Azoff has vowed to make the ticketing giant more friendly to consumers and artists, so it’s fitting that his longtime management clients the Eagles are the first act to sell tickets without fees.

Ducats for the band's Jan. 17 concert at North Carolina's Greensboro Coliseum went on sale Nov. 7 under a banner that announced: "This is a no-fee event! The price you see is the price you pay." The tickets for the concert cost $60 to $190, about the same face value as tickets to other Eagles concerts on the tour, which runs through January. Such fees would add $18 to a $185 ticket at the tour's Hershey, PA, stop.

Convenience charges are typically split between Ticketmaster and venue owners, with pieces sometimes going to artists and promoters, Smith explains.
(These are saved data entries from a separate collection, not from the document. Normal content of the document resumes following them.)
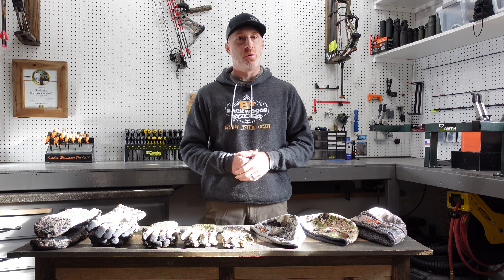We always appreciate it if you hit that subscribe button and follow us on Facebook and Instagram — links to that down in the description, as well as a link to our website, BackwoodsPursuit.com. There are a ton of other gear reviews over there, and I'll put a link to all these gloves and beanies in the description so you can check them out for yourself.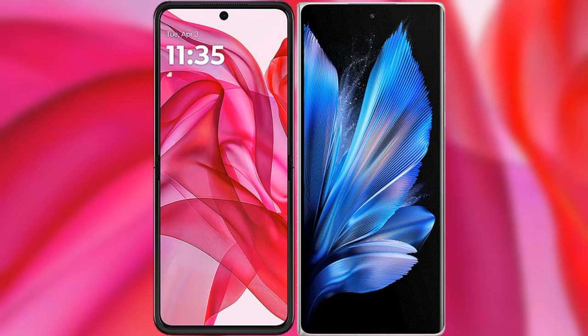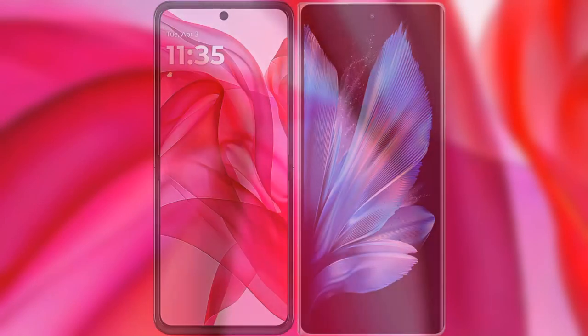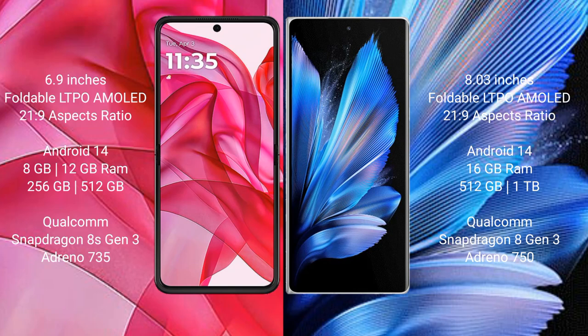I will compare the new Motorola Razr 50 Ultra with the Vivo X Fold 3 Pro. The Razr 50 Ultra comes with a 6.9-inch foldable LTPO AMOLED display with an aspect ratio of 21:9. The Vivo X Fold 3 Pro features an 8-inch foldable LTPO AMOLED display, also with a 21:9 aspect ratio.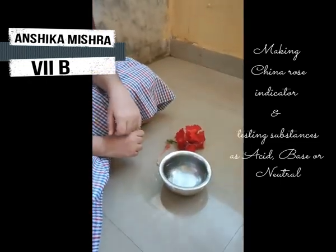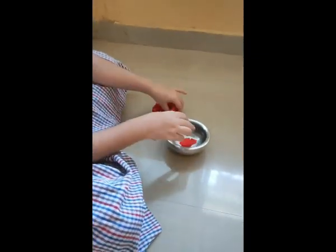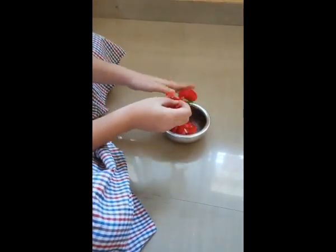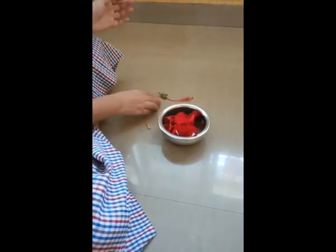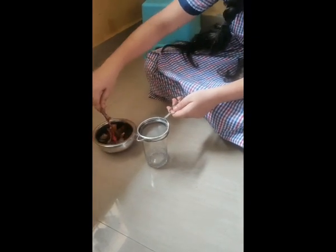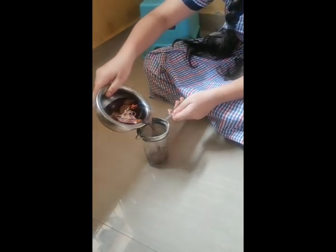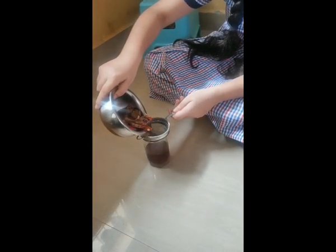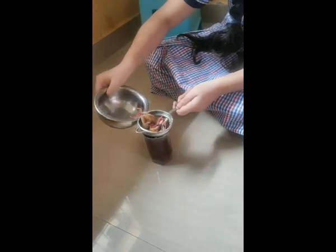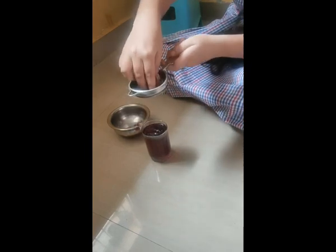To perform this, firstly we need to make China Rose Indicator. For making China Rose Indicator, take some lukewarm water and soak petals of China Rose in it. For some time, you will see that the petals have released their color. Now we need to strain them. As you can see, our indicator is ready.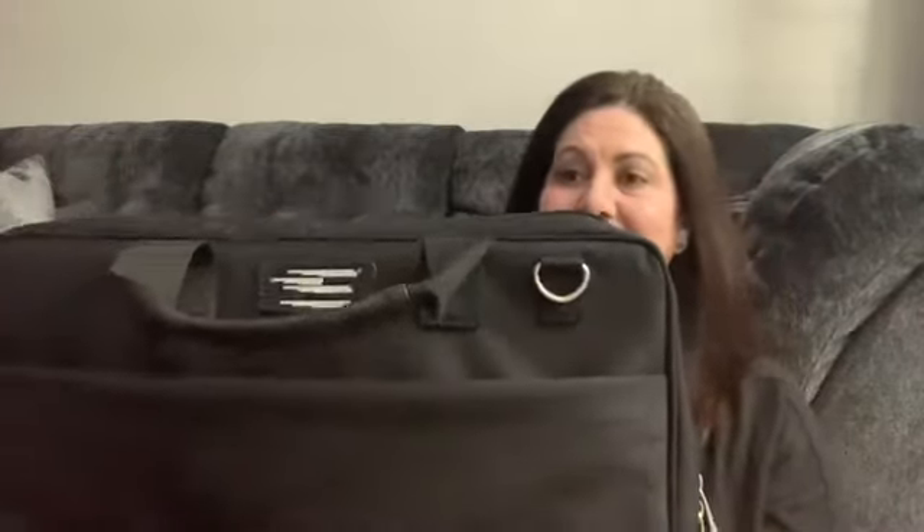Here's the case that it comes in. It's a really nice lightweight black case and it's got handles right here so you can hold it like a briefcase, or it also comes with a strap that you can use so that you can carry it over your shoulder. And now let's see what it looks like — I have not seen it yet. All I know is that the color is blue and I cannot wait to see what this looks like.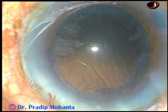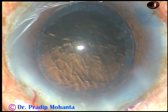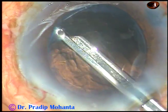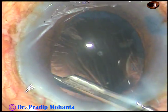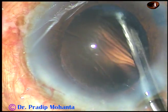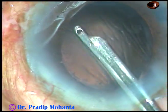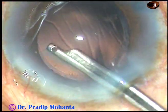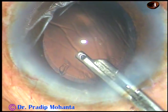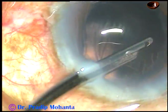Now I inject some viscoelastic substance, and this is the time to remove the cortical matter. Very little cortical matter is remaining. I am using a 23-gauge Simcoe cannula for removal of cortical matter — you can use a coaxial I/A or bimanual I/A for this. This is a totally unedited surgery and you are watching each and every step in real time.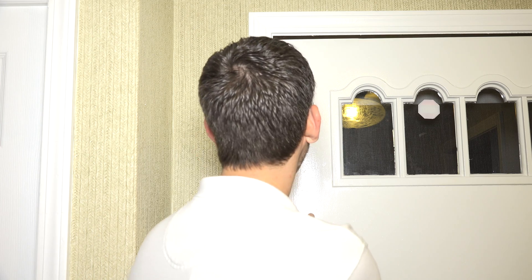Hi DIYers, Sterling with Alarm Grid here. Today we're going to show you how to install a 6CT wireless door or window sensor onto our front door to protect it with our Honeywell Lyric installation.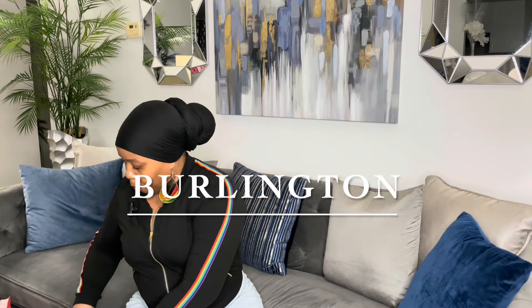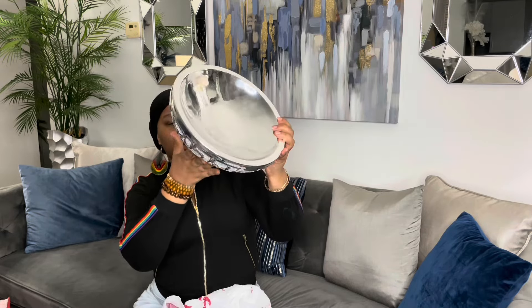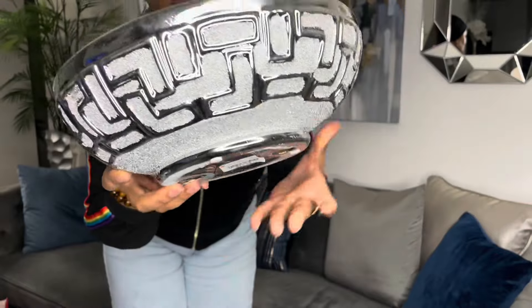Let's get on to the home decor from Burlington. I was like, oh my goodness! But I got what I wanted. I was gonna take the vase I have on my dining table — that little bowl thing — out of there and put this in its place. Look at this, this is pretty, right? So beautiful. Look at that. This was $11.99, y'all. It's heavy, oh my god. Let me give y'all a close-up — look at the detail in it.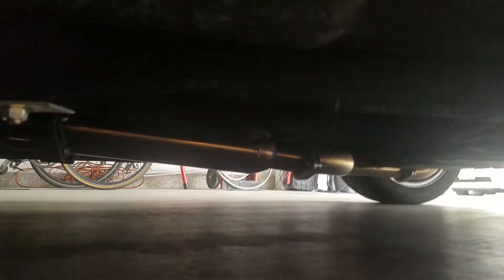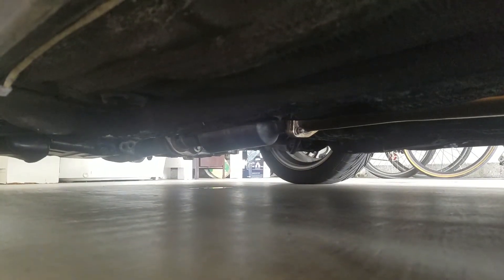All right, so I still have the resonator and I have the muffler, as you can see back there, with dual tips. The exhaust pipe is 2.25 inches in diameter and it has a catalytic converter.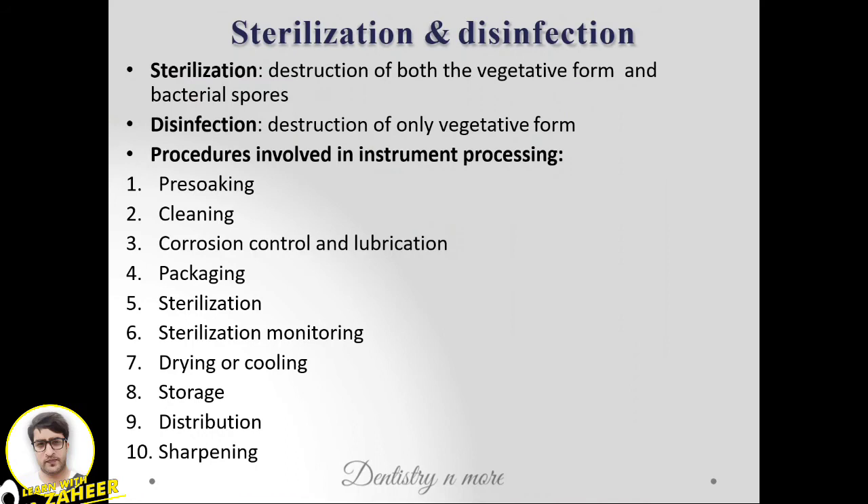Hello everyone, welcome back to another session in Dentistry and More. Today we have sterilization and disinfection of operative instruments. Sterilization is the destruction of both vegetative forms and spores, whereas disinfection targets only the vegetative form.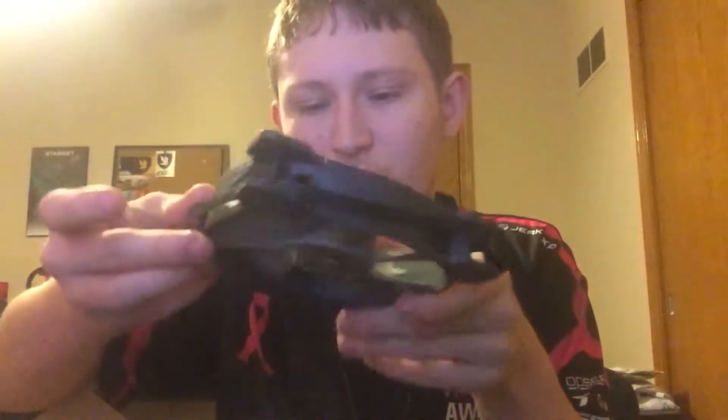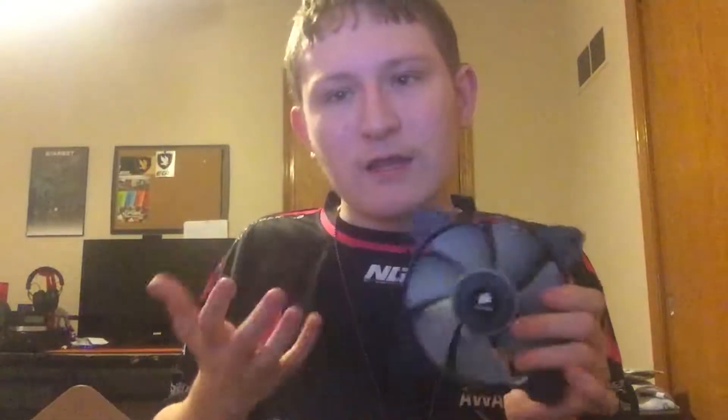The next thing is a 120mm fan — I believe this is the SP120, which is the static pressure 120mm fan. Taking it out, it looks really really nice, the fan blades look really cool. It's a four-pin connector. The difference between static pressure and airflow is that static pressure fans plug into the back of your computer, sucking air from outside and blowing it into the computer toward the radiator.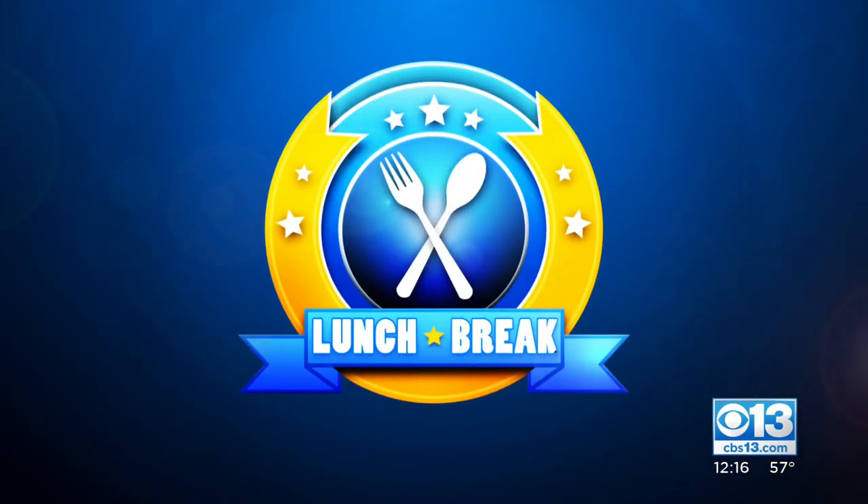All right, it is time for your lunch break. Produce man Michael Marks is here to show us how to get those pesky pomegranate seeds out of the shell.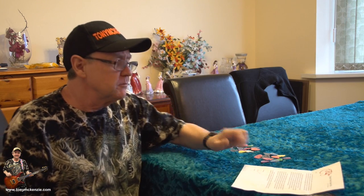I'm back. Today we're going to have a look at some Dragon's Heart guitar picks.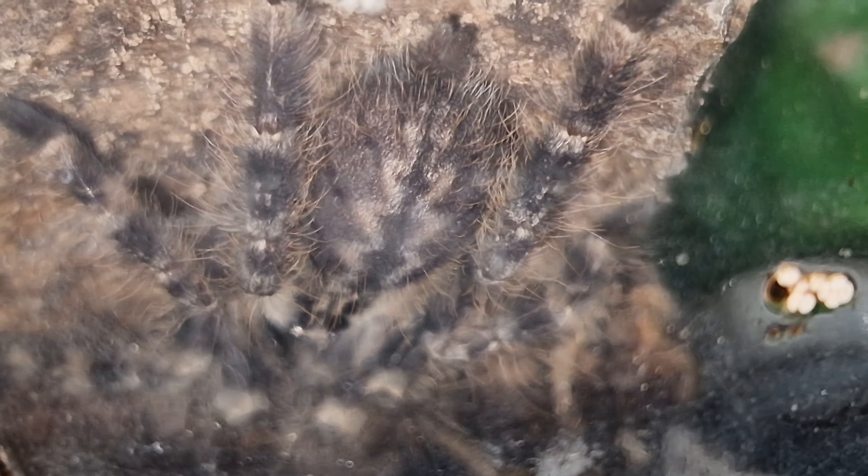Anyway, that's my little pokey — her name is Joy.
The rationale behind the fee, which has been driving concertgoers crazy for years, is that buying tickets from Ticketmaster is more convenient than going to a venue box office.

During the conference call, TM President Sean Moriarty said the Jan. 17 concert represented the company's "first foray" into what he described as “all-in ticketing.” It isn't clear whether in the future such no-fee tickets will simply build the old convenience charges into the price of the ticket.

As for those earnings, Ticketmaster’s net income for the three months ended Sept. 30 fell to $9.6 million, down 76% year-over-year, thanks to higher royalty payments, severance costs, lower ticket sales and costs associated with the acquisitions of two subsidiaries. Revenue was $339.2 million, up 16% from the year-earlier period.